Oxygen-Sensing Molecule May Lower Inflammation in Autoimmune Diseases

Targeting an energy-related molecule could prevent the onset of autoimmune diseases.

Inflammation requires energy, but for autoimmune diseases characterized by a high level of inflammation, a significant amount of energy is needed. A substantial provider of this energy is oxygen.

Although oxygen is crucial for cell survival, it was also discovered to play a significant role in the inflammatory process, according to findings from a study published by Nature Communications.

The study authors found that the body is able to trick immune cells into thinking they lack oxygen. This process then causes inflammation to resolve due to a reduction in energy supply, according to the study.

These findings may represent a step towards novel treatment strategies for autoimmune diseases such as multiple sclerosis and rheumatoid arthritis.

The authors said that oxygen levels are closely monitored by sensors that measure the concentration of the molecule in cells. Whenever oxygen levels fall due to less availability or more consumption of the molecule, the sensors are activated and trigger a cascade of events.

Specifically, the most crucial oxygen sensor in this process is the hypoxia-inducible factor (HIF) protein, according to the study.

“We identified HIF-1α as a critical transcriptional factor involved in IL-10 production by B cells, thereby influencing the course of T cell-mediated autoimmune diseases,” the authors wrote.

In the study, the authors found that increased activation of HIF-1α in immune cells reduced inflammatory response. This finding suggests that the molecular mechanism may prevent individuals from developing serious inflammatory conditions by keeping B-lymphocytes in check.

Under high levels of HIF, B-lymphocytes produced interleukin 10, which blocked the inflammatory process, according to the study.

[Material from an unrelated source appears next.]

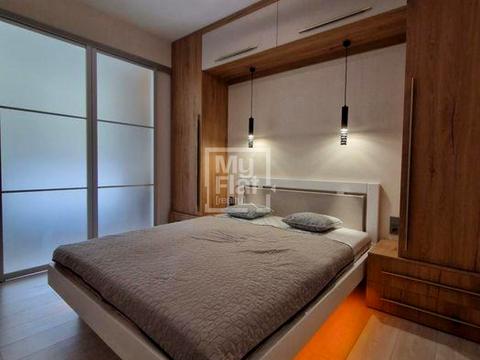 квартира за адресою Олександра Олеся вул., 5-А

Typically, these immune cells play a role in an excessive immune response; however, activating HIF resulted in an opposite response, according to the authors.

To further test this response, the authors turned off HIF in B-lymphocytes in mice models. The lack of the oxygen sensor prevented inflammation resolution and caused the animals to develop chronic inflammatory conditions, such as arthritis and brain inflammation, according to the study.

These findings suggest a novel molecular strategy that could prevent or treat lifelong inflammatory diseases.

“Therapeutically, fostering of HIF-1α expression may provide a tool to increase IL-10-producing B cells and limit autoimmune diseases,” the authors wrote.